As an entrepreneur, you will probably have a need for a variety of business equipment when starting up, expanding, or branching out into new avenues of business. Today, many business owners are finding it advantageous to lease equipment rather than purchase it.
One of the primary benefits of leasing is being able to acquire equipment without significantly affecting your cash flow. This is particularly important for a new business with limited financial resources. Although leasing may mean you are spending more money over the long haul, the initial layout is much less than the cost of a major purchase. This will free up cash for your day-to-day operations or to meet other needs. In addition, it is typically easier to pay a lease than it is to obtain a loan for equipment purposes.
Of course, the benefits of leasing equipment depend on the nature of the equipment. One New York–based public relations firm, which is no longer in business, actually spent several hundred dollars a year leasing a coffee pot! Obviously, you need to determine the cost of the item were you to purchase it and the cash saved by leasing it. In addition, you want to consider whether or not there would be any resale value if you were to own the equipment.
Companies normally lease larger high-tech equipment such as computers and office copiers. The advantage in leasing such equipment is that you can keep up with the rapidly changing technology without having to constantly make major expenditures. A computer, along with other hi-tech equipment, depreciates very quickly. In fact, many hi-tech tools become obsolete almost as soon as they are out of the box, with newer models constantly being designed and marketed. Leasing allows you to have the newer models in your facility every two or three years, rather than spending thousands of dollars upgrading your computers.
Typically, leasing is most attractive for costly equipment that you will either need for a short period of time or that will quickly become outdated.
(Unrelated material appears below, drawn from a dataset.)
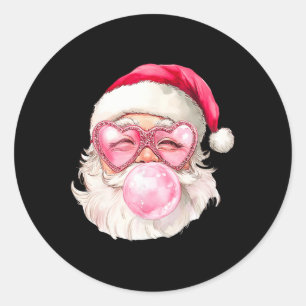 Vintage Retro Santa Christmas Bubble Gum Pink Sung Classic Round Sticker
However, if you require a major piece of equipment that you will use for the next 15 years and that will not become outdated, it may be more cost effective to purchase the item instead.
Of course, before you lease any equipment, you need to read the lease agreement very carefully. It is imperative that you understand the leasing terms. Who is responsible for any possible damage? Who will pay to repair the equipment should it become defective? Are there additional fees included? Can the equipment be upgraded? If you need to terminate the lease early, how much is the early termination fee? Can you purchase the equipment at fair market value when the lease terminates? You need to answer each of these questions and make sure the terms meet your needs. There are many equipment-leasing options available, and you should evaluate the pros and cons of each option before signing a lease agreement.
There are also some tax benefits to leasing. If you choose an operating lease, your payments are considered operating expenses and you can deduct the monthly payments on your taxes. A finance lease is considered debt and the depreciation of the equipment can be deducted. Such a lease also includes the option to buy at the lease termination.